### [Task item]
Given the listing below, write out exactly the lines starting with the line that has "As you can see, I" and going on through the line that has "This is alpha in DC", both kept.

### [Listed entries]
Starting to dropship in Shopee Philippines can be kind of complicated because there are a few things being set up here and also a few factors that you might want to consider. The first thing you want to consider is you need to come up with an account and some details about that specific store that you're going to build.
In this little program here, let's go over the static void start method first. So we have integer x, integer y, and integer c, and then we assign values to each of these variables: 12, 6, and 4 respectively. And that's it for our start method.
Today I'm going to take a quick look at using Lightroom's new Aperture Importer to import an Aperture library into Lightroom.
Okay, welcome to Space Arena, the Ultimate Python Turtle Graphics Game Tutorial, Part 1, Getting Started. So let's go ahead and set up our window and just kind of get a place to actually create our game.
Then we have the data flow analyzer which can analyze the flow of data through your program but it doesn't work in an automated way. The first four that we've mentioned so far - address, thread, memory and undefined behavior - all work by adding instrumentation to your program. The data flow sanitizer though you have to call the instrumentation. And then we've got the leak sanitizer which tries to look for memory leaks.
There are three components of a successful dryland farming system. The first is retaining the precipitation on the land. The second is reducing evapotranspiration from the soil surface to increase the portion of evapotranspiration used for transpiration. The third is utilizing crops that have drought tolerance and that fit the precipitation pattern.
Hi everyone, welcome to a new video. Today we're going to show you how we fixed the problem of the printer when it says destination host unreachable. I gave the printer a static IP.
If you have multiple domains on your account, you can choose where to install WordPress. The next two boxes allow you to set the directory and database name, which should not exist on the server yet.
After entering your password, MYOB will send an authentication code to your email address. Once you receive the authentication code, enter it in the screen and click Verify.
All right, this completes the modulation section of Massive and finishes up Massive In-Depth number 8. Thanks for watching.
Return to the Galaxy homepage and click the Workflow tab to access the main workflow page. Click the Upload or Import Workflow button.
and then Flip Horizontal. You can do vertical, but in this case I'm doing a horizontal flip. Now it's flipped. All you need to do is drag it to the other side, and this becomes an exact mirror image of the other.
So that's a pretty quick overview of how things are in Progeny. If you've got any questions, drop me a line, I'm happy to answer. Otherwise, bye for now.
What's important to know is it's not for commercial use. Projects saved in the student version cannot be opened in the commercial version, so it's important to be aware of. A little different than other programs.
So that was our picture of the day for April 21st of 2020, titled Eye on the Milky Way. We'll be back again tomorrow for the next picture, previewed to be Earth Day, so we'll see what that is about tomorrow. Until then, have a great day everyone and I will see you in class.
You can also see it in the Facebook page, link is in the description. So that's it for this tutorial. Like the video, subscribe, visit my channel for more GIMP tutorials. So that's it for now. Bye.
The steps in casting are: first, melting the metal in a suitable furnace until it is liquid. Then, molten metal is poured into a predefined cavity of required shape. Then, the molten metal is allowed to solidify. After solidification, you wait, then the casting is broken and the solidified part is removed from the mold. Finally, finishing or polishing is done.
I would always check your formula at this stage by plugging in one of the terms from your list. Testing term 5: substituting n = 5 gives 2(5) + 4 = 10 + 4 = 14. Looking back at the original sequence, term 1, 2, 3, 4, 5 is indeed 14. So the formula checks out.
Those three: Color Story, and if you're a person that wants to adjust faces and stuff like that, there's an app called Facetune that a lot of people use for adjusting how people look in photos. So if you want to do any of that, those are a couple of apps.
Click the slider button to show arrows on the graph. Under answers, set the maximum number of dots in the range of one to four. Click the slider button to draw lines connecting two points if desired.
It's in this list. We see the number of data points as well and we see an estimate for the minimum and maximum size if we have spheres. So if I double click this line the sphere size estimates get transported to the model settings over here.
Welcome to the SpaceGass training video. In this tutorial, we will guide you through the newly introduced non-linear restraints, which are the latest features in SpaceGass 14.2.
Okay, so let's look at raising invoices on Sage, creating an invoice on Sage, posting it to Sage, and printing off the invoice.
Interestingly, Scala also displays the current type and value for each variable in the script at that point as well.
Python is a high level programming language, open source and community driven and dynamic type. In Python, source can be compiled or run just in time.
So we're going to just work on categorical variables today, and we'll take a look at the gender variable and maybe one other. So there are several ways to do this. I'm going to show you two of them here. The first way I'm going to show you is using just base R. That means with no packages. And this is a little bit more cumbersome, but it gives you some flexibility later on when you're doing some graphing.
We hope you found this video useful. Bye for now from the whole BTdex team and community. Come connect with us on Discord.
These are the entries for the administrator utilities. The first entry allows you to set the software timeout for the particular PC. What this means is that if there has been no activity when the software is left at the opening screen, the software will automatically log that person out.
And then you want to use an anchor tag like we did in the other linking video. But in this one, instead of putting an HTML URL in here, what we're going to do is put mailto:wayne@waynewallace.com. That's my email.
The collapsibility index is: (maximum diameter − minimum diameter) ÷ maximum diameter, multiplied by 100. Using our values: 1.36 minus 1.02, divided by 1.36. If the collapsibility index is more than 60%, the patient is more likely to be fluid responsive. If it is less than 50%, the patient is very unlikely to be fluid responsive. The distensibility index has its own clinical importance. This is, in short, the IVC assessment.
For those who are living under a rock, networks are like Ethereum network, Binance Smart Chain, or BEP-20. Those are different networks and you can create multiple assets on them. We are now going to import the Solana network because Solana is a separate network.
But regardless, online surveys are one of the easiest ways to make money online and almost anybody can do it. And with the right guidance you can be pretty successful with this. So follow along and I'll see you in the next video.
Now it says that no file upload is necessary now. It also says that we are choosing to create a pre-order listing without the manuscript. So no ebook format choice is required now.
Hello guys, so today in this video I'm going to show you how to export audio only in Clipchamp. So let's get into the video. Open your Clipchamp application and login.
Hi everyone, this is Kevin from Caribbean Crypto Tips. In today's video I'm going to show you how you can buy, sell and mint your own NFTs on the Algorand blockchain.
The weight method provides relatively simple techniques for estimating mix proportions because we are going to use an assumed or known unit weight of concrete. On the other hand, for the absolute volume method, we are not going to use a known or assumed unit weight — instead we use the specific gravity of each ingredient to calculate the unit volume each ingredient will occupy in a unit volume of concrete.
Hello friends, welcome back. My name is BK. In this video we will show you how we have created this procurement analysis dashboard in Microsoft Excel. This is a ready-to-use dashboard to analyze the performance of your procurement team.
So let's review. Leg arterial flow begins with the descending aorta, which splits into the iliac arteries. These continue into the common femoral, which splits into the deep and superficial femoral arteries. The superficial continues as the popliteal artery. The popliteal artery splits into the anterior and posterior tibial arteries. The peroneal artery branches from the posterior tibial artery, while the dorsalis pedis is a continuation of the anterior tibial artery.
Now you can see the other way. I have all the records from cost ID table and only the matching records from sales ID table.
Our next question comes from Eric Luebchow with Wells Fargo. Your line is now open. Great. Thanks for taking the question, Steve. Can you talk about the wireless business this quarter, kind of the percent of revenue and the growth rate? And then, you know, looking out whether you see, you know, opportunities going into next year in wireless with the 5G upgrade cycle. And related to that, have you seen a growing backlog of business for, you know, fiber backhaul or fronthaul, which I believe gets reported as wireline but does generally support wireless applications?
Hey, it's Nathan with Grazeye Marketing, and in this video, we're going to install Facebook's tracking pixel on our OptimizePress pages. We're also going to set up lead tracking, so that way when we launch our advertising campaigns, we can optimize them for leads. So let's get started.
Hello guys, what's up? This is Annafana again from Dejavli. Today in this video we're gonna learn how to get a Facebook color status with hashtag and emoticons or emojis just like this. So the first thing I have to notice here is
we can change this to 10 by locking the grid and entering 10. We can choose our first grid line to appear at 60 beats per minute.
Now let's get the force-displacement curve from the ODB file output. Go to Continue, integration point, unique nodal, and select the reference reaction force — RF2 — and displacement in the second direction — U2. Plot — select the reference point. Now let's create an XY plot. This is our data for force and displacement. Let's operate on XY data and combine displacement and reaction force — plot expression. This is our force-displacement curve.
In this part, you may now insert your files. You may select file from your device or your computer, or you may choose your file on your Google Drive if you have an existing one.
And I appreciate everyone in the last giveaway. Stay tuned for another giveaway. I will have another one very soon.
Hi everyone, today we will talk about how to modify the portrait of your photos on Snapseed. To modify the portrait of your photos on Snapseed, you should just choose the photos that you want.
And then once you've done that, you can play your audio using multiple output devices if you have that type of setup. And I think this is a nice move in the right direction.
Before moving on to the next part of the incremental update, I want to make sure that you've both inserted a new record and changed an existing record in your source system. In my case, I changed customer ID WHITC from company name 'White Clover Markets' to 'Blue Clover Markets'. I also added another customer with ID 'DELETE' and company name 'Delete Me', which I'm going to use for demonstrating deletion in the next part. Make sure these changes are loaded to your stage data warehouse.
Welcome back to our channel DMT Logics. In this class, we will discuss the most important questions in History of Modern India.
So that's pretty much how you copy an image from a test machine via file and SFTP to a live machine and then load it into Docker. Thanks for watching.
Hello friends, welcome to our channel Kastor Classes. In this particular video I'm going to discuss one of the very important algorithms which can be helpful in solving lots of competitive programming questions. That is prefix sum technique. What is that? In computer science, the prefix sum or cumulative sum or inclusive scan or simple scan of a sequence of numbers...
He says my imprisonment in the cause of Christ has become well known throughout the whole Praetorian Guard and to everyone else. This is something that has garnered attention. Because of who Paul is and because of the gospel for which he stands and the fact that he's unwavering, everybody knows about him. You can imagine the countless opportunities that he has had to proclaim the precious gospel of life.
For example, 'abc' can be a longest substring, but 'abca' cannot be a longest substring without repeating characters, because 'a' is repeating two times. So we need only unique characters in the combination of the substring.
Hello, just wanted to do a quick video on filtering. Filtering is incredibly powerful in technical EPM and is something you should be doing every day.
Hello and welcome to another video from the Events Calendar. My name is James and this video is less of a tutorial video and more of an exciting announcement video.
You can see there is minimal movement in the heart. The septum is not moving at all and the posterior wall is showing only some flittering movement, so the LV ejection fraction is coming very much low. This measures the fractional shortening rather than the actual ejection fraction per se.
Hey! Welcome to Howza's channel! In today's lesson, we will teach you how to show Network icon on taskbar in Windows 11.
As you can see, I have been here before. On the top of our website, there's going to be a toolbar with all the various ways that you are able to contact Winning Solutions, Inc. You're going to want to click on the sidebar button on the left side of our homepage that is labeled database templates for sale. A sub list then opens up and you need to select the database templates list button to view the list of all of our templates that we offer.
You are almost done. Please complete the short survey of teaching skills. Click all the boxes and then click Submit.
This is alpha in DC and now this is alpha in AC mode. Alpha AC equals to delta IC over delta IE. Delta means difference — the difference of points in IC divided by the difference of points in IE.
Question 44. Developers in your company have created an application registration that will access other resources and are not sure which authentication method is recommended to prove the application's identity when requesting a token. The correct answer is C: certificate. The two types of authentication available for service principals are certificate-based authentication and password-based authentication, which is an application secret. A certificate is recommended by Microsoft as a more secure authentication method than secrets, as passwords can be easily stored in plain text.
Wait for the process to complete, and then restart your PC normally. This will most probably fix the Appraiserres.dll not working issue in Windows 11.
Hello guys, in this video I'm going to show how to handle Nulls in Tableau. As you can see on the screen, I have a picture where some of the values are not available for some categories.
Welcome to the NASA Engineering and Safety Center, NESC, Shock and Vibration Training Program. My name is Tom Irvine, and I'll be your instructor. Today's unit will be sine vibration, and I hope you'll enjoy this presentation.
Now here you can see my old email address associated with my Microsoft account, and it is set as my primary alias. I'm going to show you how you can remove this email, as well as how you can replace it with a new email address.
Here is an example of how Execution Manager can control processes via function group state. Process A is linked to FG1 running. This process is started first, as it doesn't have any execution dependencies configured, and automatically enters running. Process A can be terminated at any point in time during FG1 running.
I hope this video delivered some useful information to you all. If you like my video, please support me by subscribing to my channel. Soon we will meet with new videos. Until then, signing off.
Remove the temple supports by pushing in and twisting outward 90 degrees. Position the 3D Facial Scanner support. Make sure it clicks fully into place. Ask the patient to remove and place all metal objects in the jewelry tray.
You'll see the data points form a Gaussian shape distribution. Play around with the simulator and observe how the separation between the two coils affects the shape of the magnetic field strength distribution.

### [Output below]
As you can see, I have been here before. On the top of our website, there's going to be a toolbar with all the various ways that you are able to contact Winning Solutions, Inc. You're going to want to click on the sidebar button on the left side of our homepage that is labeled database templates for sale. A sub list then opens up and you need to select the database templates list button to view the list of all of our templates that we offer.
You are almost done. Please complete the short survey of teaching skills. Click all the boxes and then click Submit.
This is alpha in DC and now this is alpha in AC mode. Alpha AC equals to delta IC over delta IE. Delta means difference — the difference of points in IC divided by the difference of points in IE.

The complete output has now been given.